The organization conducted interviews with 19 Rohingya who arrived in Bangladesh in January and who said they had left their communities because of forced starvation, abductions, and looting of their property by Myanmar soldiers.
“Shielded by official denials and lies, and a concerted effort to deny access to independent investigators, Myanmar’s military continues to get away with crimes against humanity,” said Matthew Wells, senior crisis advisor at Amnesty International, who was part of the organization’s latest research trip to Cox’s Bazar in southeastern Bangladesh, where the refugees live in sprawling displacement camps.
“Myanmar’s security forces are building on entrenched patterns of abuse to silently squeeze out of the country as many of the remaining Rohingya as possible,” he said. “Without more effective international action, this ethnic cleansing campaign will continue its disastrous march.”
Nearly all of the interviewees said they had decided to flee because the military created food shortages by stealing livestock, preventing communities from harvesting rice, and burning local markets, Amnesty International's statement said.

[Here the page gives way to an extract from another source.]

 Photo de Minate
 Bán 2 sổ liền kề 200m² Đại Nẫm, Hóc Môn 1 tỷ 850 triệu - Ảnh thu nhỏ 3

Some of the refugees said soldiers stole money and other valuables and subjected Rohingya women and girls to sexual violence during searches at checkpoints while walking to Bangladesh, it said.
The rights group also said that it had documented three recent incidents of the Myanmar military abducting girls or young women in January.
“Since the beginning of the crisis, the international community’s response to the atrocities against the Rohingya population has been weak and ineffective, failing to grasp the severity of the situation in northern Rakhine state or put sufficient pressure on Myanmar’s military to stop the ethnic cleansing,” Wells said.
The group also called for an arms embargo and targeted sanctions as well as unfettered and sustained humanitarian access throughout northern Rakhine.
Meanwhile, the U.S. and seven other nations asked the U.N. Security Council on Wednesday to discuss the fate of the Rohingya refugees, Agence France-Presse reported.
The Council’s three permanent members — the U.S, Britain, and France — along with the Netherlands, Poland, Sweden, Kazakhstan, and Equatorial Guinea requested the meeting which will be held on Feb. 20, during which Filippo Grandi, the U.S.’s high commissioner for refugees, will report on the crisis, AFP said, citing diplomats.
In November, a U.N. General Assembly committee called on Myanmar to end military operations and violence against the Rohingya in northern Rakhine and requested that U.N. Secretary-General António Guterres appoint a special envoy on Myanmar.